Racismo mexicano: venganza o redención

sábado, 31 de agosto de 2019 · 11:38

CIUDAD DE MÉXICO (Proceso).- La idea es muy vieja. Y no la originó Lipschutz, más allá del término “pigmentocracia”; Andrés Molina Enríquez, medio siglo antes que el fisiólogo chileno, sistematizó en Los grandes problemas nacionales (1909) la correlación entre raza y clase de México. En esta obra culminó la tesis que venía pergeñando desde finales del XIX, apoyado en Pimentel, Riva Palacio y Sierra, quienes desde muy disímbolos miradores doctrinarios no vieron otra salida: nuestro país solo podría convertirse en una nación cuando el mestizaje absorbiera a toda la población. En su ruta a esa conclusión Molina Enríquez develó el estrecho vínculo entre el color de la piel y la estratificación económica y política de los mexicanos. Evidenció una pirámide social en la que los criollos ocupan el vértice, los mestizos la parte media y los indios la base, y expuso así el binomio racismo y clasismo que nos desgarra.

Molina, como sus preceptores, pensaba que el problema era la heterogeneidad étnica. Para abordarlo tuvo que torcer el instrumental evolucionista que recibió en el porfirismo postrero y exaltar la única uniformidad posible del México pluriétnico: la del híbrido que Spencer despreciaba. Su error estaba en las premisas: ni la pluralidad era indeseable ni el modelo de nacionalidad etnográfica de Mancini era ineluctable. En esto desbarraron todos. Pero fue él, don Andrés, quien creó la teoría pigmentocrática, que sostenía que los criollos concentraban el poder y marginaban a las castas “inferiores”. La injusticia terminaría por obra y gracia del mestizaje y el consecuente surgimiento de una sociedad sin razas.
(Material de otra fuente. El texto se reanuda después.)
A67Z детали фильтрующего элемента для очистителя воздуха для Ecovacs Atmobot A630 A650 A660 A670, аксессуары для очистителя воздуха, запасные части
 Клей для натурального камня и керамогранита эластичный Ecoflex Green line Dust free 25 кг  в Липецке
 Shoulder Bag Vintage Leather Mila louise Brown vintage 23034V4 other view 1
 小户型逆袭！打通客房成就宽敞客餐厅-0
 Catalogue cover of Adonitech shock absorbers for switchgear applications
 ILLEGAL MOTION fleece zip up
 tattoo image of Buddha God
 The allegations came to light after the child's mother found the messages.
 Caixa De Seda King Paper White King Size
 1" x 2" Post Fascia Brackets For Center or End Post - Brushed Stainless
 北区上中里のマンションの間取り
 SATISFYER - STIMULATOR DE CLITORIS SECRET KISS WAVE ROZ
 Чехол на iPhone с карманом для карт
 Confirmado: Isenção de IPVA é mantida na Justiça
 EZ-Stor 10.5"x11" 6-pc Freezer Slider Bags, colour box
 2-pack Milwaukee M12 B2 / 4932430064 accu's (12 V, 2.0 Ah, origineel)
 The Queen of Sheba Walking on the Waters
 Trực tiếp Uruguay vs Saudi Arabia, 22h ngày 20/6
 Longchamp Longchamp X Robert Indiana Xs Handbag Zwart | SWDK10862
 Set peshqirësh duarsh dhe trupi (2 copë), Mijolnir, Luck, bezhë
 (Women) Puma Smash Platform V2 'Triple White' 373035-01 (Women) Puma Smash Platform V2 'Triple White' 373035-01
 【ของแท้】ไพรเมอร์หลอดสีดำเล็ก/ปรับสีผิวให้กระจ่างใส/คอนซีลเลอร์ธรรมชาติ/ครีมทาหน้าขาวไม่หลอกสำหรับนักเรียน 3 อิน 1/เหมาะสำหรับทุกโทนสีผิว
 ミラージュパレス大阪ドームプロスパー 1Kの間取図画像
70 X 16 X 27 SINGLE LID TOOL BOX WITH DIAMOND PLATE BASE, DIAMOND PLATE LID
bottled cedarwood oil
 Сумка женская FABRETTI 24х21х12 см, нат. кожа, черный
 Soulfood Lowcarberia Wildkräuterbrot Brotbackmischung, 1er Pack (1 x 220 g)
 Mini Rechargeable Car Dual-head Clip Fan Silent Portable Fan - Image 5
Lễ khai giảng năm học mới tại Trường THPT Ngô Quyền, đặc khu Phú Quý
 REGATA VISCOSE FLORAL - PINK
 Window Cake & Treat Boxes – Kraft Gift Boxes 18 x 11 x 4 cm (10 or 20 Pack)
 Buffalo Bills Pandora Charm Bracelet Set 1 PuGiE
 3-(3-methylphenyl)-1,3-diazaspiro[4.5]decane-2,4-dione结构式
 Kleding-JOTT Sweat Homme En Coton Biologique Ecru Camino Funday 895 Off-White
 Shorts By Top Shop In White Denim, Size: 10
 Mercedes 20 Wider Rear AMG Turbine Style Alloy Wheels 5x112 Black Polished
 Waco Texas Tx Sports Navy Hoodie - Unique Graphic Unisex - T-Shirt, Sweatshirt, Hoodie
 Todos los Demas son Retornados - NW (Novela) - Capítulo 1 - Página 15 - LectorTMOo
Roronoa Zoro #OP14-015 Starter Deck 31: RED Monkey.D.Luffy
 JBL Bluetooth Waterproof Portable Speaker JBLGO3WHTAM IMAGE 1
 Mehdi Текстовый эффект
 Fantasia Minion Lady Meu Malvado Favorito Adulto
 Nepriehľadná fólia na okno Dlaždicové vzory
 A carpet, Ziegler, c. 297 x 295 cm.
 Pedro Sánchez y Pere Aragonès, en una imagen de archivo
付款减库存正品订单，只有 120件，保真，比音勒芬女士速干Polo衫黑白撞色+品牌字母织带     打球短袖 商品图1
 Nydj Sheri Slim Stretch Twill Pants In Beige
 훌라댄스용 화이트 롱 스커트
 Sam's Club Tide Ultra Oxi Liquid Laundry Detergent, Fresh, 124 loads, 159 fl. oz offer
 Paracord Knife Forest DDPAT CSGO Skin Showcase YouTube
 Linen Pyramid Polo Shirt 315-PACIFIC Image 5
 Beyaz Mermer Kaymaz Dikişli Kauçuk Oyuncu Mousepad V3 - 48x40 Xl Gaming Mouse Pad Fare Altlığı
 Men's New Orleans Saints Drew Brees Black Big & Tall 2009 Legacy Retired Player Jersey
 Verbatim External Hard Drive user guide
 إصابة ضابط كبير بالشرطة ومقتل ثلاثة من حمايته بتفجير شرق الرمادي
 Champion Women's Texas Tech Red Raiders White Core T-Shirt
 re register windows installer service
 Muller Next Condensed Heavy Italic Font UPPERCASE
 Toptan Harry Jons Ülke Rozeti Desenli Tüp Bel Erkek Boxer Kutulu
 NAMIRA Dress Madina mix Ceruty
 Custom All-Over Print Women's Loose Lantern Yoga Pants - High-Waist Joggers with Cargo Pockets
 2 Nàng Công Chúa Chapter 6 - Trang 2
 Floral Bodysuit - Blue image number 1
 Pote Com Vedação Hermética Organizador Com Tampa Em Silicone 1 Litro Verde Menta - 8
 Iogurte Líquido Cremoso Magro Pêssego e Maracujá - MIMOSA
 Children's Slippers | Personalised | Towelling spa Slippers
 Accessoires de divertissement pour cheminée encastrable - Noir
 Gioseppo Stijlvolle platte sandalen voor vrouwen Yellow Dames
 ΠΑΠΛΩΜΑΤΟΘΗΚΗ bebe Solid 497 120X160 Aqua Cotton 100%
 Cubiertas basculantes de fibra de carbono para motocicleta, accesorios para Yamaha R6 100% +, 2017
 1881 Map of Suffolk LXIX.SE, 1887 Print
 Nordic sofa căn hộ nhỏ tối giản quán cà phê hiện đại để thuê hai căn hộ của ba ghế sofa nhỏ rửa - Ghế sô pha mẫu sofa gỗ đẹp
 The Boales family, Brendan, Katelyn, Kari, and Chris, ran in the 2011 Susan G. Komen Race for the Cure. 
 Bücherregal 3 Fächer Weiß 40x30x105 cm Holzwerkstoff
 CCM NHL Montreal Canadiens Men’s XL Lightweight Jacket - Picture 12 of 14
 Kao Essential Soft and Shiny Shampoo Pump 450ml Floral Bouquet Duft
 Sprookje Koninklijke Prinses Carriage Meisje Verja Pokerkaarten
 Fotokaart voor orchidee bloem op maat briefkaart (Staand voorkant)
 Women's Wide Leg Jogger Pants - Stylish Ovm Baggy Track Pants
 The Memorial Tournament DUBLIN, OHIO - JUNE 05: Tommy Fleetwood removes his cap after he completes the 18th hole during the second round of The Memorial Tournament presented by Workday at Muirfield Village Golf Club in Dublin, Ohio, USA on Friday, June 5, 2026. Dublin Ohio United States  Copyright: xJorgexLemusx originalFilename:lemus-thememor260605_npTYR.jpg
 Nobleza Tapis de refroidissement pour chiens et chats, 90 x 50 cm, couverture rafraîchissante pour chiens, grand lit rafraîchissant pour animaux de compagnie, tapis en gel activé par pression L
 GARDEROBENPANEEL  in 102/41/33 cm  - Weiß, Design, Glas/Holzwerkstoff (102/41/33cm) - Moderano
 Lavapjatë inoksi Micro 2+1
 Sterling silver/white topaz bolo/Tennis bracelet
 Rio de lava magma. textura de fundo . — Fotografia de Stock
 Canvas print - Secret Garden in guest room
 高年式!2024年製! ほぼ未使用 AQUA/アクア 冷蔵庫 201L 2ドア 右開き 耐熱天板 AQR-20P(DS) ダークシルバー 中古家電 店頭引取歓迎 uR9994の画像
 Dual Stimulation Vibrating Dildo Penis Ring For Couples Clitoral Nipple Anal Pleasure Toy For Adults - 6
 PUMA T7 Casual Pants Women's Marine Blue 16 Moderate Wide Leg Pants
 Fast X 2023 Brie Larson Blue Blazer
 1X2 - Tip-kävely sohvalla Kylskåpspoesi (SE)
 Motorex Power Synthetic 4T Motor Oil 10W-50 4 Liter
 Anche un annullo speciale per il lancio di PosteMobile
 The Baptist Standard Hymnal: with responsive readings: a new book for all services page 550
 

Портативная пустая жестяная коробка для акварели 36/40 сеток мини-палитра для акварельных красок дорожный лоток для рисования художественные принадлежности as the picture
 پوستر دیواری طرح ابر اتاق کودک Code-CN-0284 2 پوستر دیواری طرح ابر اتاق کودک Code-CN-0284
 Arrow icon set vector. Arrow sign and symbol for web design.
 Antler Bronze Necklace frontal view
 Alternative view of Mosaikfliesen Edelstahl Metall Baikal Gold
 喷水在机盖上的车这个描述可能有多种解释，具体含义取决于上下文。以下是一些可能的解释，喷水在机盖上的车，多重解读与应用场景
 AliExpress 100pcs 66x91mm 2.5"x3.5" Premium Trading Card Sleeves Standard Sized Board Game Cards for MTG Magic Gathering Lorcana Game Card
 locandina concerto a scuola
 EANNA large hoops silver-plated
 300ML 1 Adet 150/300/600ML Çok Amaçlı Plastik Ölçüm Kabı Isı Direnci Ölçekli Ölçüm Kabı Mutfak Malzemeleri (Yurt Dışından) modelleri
Eso que yo bauticé como “mestizofilia” (México mestizo, FCE, 1992) se arraigó en la posrevolución. Los sucesores de Molina Enríquez en esa corriente de pensamiento, Gamio y Vasconcelos, contribuyeron a que el mito del mestizo permeara en el inconsciente colectivo e hiciera las veces de argamasa nacionalista. Mas he aquí que, en las décadas posteriores a su publicación, la obra seminal de Warman, Bonfil et al (De eso que llaman antropología mexicana, Nuestro Tiempo, 1970), conquistó a nuestra intelligentsia y se sentenció que el mestizaje fue un etnocidio. Pasamos entonces de un extremo a otro. Si el multiculturalismo tuvo el mérito de reivindicar las culturas de los pueblos originarios, víctimas del exceso occidentalizante, a mi juicio se excedió al satanizar la mezcla y resaltar la pureza, así haya sido la indígena. De este modo se entronizaron en buena hora el derecho a la diferencia y en mala hora la separación y el aislamiento. Y es que el primer paso hacia la discriminación es pintar una raya ante la otredad, el segundo es decretar su inferioridad y el tercero condenarla a la marginación. Por eso las acciones afirmativas mezclan, confunden, borran líneas divisorias.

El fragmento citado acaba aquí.